Divorce proceedings can be stressful, particularly when there are children involved. The matter of custody is often the most contentious, as both parents want a say in the upbringing and welfare of their children. In an ideal situation, parents come to a custody arrangement out of court, with the help of a mediator and their respective attorneys. In fact, some judges require mediation before setting a custody hearing.
In contentious divorces, custody issues can’t always be resolved through mediation. In this case, parents turn to a court-ordered custody arrangement. Judges look at a number of factors when determining the custody of a child, but at the center of that is the child’s best interest. A judge isn’t concerned with what the parents want, their only consideration is what will help the child flourish emotionally and cause minimal disruption in their lives. For this reason, a judge may or may not allow a child to have a say in their own custody arrangement.
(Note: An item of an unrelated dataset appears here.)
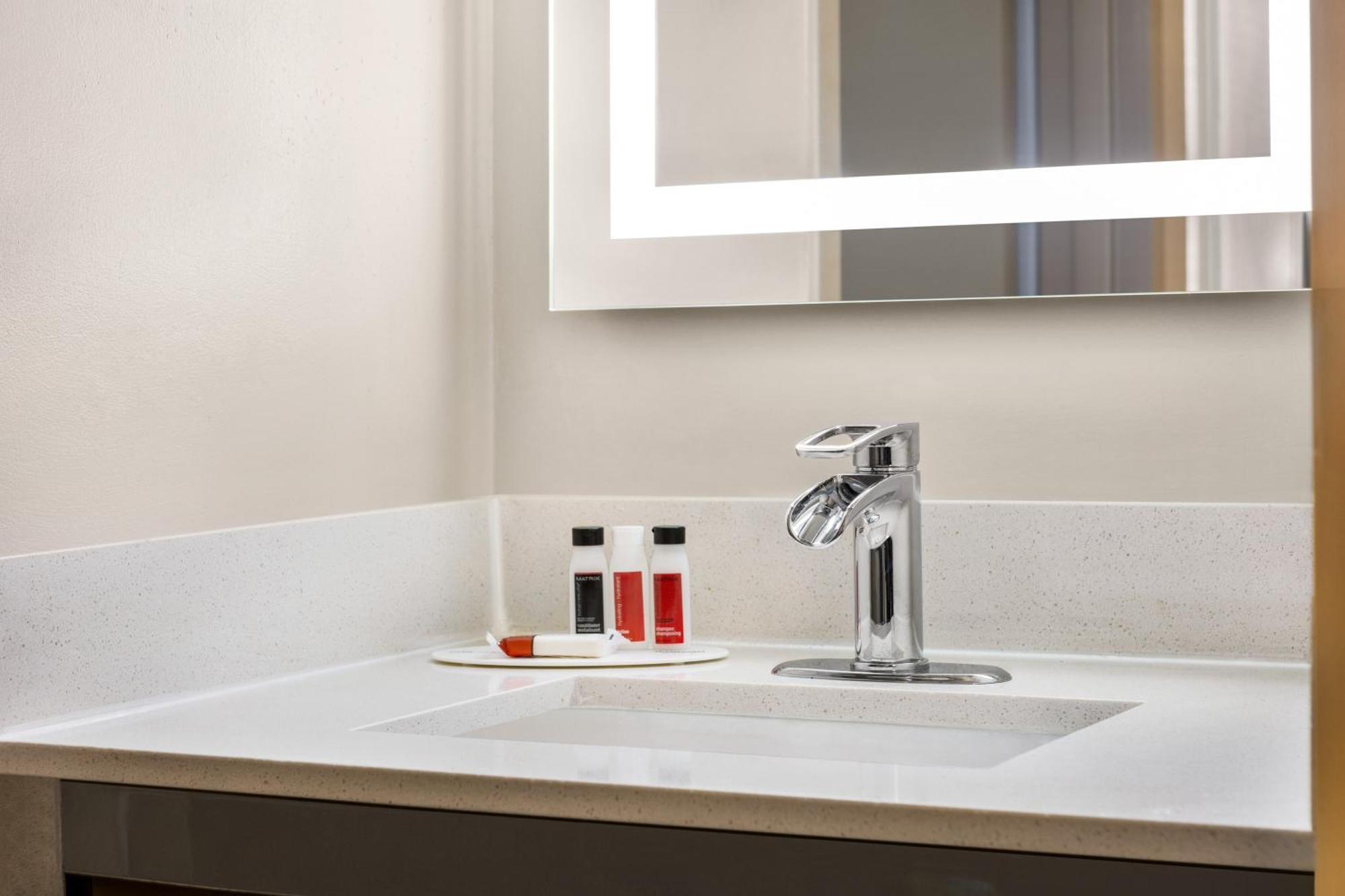 Queen Room - Disability Access - Non-Smoking,1710265578:JPEG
Can a Child Choose His or Her Custody Arrangement?
Children can’t choose where they want to live per se, but a judge may ask them to testify or at least weigh the child’s preference when making a child custody decision. In fact, this is a legal requirement in most states. In Colorado, a judge looks at a child’s preferences in relation to a host of other factors, including:
The parent’s wishes for time
The child’s relationship with each parent
A child’s connection to their home, school, or community
The mental and physical health of each parent
The parent’s history of involvement
The law in Colorado presumes that a child is best off in joint custody, where both parents have a legal say and involvement in the child’s life.
When Does a Child Have a Say?
According to Colorado law, the courts are required to consider a child’s references when they are “sufficiently mature to express a reasoned and independent preference.” This terminology itself is subjective, and there is no specific age at which a child can have a say. Instead, a judge must decide if a child can make a reasoned argument for one parent or the other. They must also decide how much weight to give the child’s opinion. For example, a teenager might just want to stay with one parent because they’re more lenient – the courts would give this preference little weight. If, on the other hand, a teen wanted to stay with one parent because they have a more loving relationship, this would carry more weight.
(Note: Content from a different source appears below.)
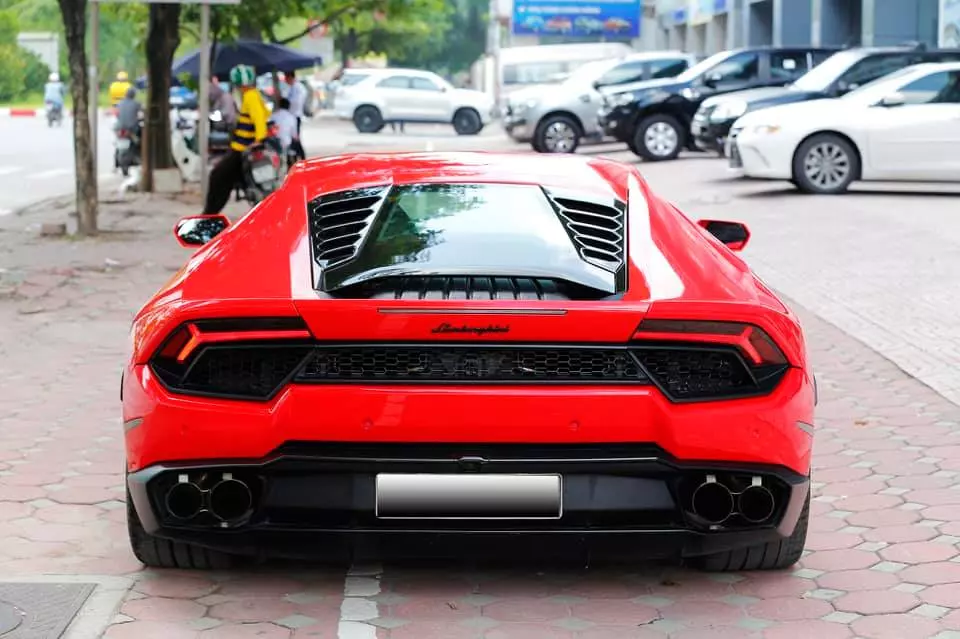 Lamborghini Huracan dẫn động cầu sau về Đồng Nai định cư, biển số hơn 100 triệu đồng- Ảnh 5. Lamborghini Huracan dẫn động cầu sau về Đồng Nai định cư, biển số hơn 100 triệu đồng- Ảnh 5.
Judges must also take care to ensure parents aren’t trying to influence a child’s decision. In this case, they may ask neutral third parties, such as counselors or mental health professionals, to testify about whether or not a child is trying to express a true preference, or appease an influential parent.
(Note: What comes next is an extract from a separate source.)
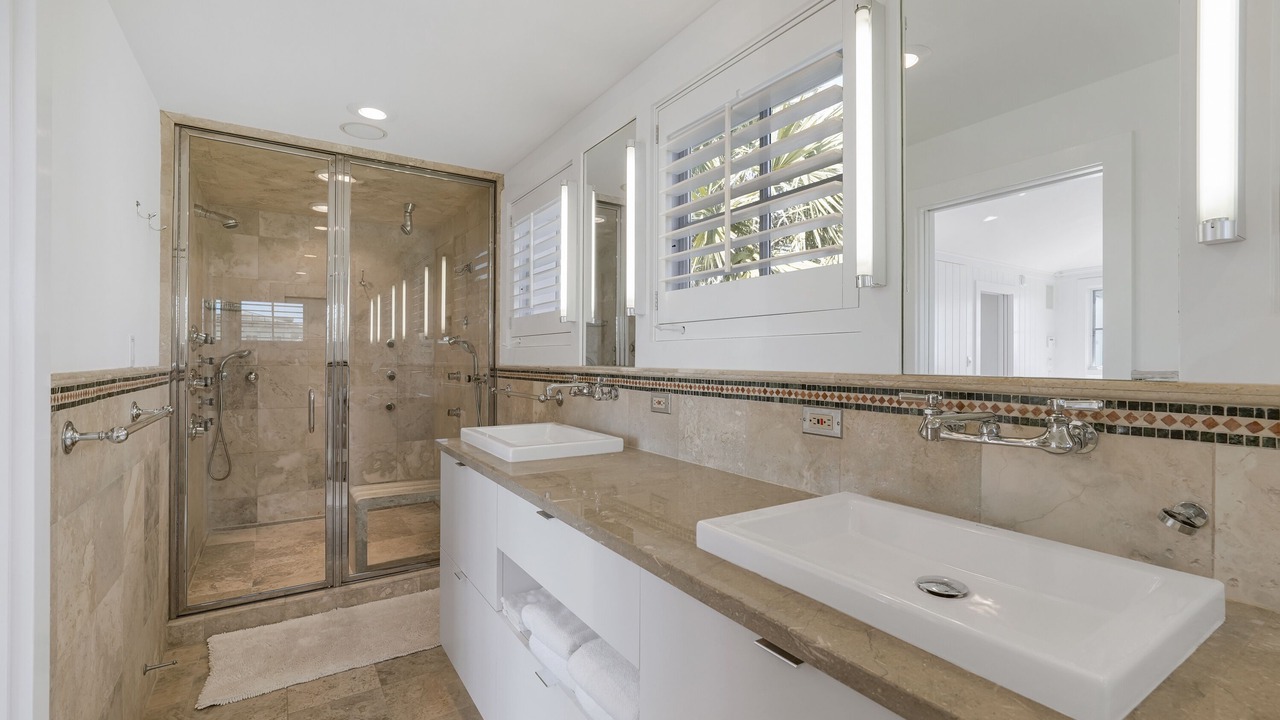 Photo of Bathroom in Seaside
Does a Child Testify in Colorado?
In the state of Colorado, a judge generally does not require a child to testify about their custody arrangement preferences. Instead, a judge will invite the child into their chambers and ask them their preferences, away from the parents (although the parent’s attorneys may be present). Generally speaking, judges will do everything they can to avoid embarrassment, conflict, or making the child feel like they’re being put on the spot.
Judges get to decide what questions to ask the child in the interview, and a court reporter records the answers for the official record. Most parties find this arrangement preferable to official testimony.
Your child’s preferences will carry weight in a divorce proceeding, if they are mature enough to make a reasonable argument that has merit. Overall, the courts are focused on doing what is best for your child – physically, mentally, and emotionally.